- **Aim of the exercise**
Give the lines again, unchanged, starting with the line containing "GİRNE'DE MERKEZİ KONUMDA" and ending with the last line of the data below.

[Stored data]
┌──

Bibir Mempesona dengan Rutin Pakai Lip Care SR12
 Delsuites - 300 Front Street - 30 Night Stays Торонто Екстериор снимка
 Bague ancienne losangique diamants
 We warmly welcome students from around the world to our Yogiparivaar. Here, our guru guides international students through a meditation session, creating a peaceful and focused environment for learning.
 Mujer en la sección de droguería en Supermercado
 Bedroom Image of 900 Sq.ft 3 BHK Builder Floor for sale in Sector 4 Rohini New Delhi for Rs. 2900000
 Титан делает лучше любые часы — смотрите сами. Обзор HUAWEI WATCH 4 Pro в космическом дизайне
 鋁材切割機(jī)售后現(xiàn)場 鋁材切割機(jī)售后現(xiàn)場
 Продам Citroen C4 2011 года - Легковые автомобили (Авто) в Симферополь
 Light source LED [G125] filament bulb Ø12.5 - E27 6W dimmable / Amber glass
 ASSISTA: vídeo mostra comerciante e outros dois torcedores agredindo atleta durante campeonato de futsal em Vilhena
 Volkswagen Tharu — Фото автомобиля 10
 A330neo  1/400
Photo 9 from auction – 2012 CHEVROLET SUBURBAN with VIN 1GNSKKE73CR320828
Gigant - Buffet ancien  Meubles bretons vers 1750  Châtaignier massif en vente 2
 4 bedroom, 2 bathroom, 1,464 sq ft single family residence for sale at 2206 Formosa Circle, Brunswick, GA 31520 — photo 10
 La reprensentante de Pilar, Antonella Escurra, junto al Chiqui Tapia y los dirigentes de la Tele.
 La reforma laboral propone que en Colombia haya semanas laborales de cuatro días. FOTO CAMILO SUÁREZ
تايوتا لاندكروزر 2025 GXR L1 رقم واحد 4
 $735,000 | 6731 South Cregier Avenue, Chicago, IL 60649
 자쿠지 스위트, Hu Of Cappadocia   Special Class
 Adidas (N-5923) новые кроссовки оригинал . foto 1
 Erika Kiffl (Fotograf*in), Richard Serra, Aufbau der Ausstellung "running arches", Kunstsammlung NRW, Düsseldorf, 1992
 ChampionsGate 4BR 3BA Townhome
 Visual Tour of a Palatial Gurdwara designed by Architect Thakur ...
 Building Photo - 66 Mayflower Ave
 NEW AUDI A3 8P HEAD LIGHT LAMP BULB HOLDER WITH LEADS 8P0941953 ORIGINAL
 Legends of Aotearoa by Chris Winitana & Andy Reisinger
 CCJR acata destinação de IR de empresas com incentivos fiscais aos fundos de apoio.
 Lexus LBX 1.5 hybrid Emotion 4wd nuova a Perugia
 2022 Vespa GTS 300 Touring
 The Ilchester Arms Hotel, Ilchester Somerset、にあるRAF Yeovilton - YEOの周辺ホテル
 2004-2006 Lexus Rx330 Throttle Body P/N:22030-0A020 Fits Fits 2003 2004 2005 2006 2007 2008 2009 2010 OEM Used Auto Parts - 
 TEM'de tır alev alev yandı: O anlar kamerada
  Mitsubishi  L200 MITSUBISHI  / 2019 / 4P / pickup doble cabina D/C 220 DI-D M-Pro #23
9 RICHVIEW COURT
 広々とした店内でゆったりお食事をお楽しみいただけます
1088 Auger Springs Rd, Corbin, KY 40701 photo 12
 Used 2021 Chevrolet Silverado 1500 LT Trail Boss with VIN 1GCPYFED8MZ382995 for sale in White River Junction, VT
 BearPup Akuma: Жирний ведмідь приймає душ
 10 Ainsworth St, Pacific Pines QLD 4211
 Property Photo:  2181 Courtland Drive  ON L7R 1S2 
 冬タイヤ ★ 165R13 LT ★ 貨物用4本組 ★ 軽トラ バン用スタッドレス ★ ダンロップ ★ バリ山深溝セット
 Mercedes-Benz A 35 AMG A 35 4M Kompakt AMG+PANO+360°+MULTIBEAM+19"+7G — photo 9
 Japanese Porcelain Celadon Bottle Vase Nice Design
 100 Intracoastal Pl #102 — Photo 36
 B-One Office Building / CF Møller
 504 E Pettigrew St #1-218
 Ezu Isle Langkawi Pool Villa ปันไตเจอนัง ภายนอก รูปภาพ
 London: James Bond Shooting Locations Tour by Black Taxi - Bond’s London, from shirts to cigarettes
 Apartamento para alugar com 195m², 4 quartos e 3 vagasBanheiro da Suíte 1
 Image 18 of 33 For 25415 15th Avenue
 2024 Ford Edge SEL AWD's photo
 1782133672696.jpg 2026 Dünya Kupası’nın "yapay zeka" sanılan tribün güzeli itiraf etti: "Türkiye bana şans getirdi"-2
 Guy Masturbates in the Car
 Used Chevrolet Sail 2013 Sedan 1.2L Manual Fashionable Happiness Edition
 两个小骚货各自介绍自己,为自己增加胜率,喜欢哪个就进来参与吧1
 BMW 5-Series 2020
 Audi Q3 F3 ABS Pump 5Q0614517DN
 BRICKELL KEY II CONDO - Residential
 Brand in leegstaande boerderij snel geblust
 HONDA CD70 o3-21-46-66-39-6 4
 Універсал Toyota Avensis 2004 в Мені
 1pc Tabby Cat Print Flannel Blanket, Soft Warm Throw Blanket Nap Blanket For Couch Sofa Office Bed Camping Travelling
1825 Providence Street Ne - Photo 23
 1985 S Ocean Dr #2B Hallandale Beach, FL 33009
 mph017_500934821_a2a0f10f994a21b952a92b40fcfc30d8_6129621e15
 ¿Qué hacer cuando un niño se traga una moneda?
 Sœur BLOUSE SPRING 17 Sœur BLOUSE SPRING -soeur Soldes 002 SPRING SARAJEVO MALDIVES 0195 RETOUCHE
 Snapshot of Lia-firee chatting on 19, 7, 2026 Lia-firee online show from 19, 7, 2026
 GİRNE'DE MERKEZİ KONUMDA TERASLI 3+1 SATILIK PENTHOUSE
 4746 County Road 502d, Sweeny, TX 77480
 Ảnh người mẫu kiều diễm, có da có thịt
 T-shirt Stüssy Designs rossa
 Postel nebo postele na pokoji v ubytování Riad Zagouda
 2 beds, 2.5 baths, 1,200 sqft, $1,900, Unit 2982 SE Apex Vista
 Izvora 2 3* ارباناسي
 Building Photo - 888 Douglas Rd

└──

- **Response to this exercise**
 GİRNE'DE MERKEZİ KONUMDA TERASLI 3+1 SATILIK PENTHOUSE
 4746 County Road 502d, Sweeny, TX 77480
 Ảnh người mẫu kiều diễm, có da có thịt
 T-shirt Stüssy Designs rossa
 Postel nebo postele na pokoji v ubytování Riad Zagouda
 2 beds, 2.5 baths, 1,200 sqft, $1,900, Unit 2982 SE Apex Vista
 Izvora 2 3* ارباناسي
 Building Photo - 888 Douglas Rd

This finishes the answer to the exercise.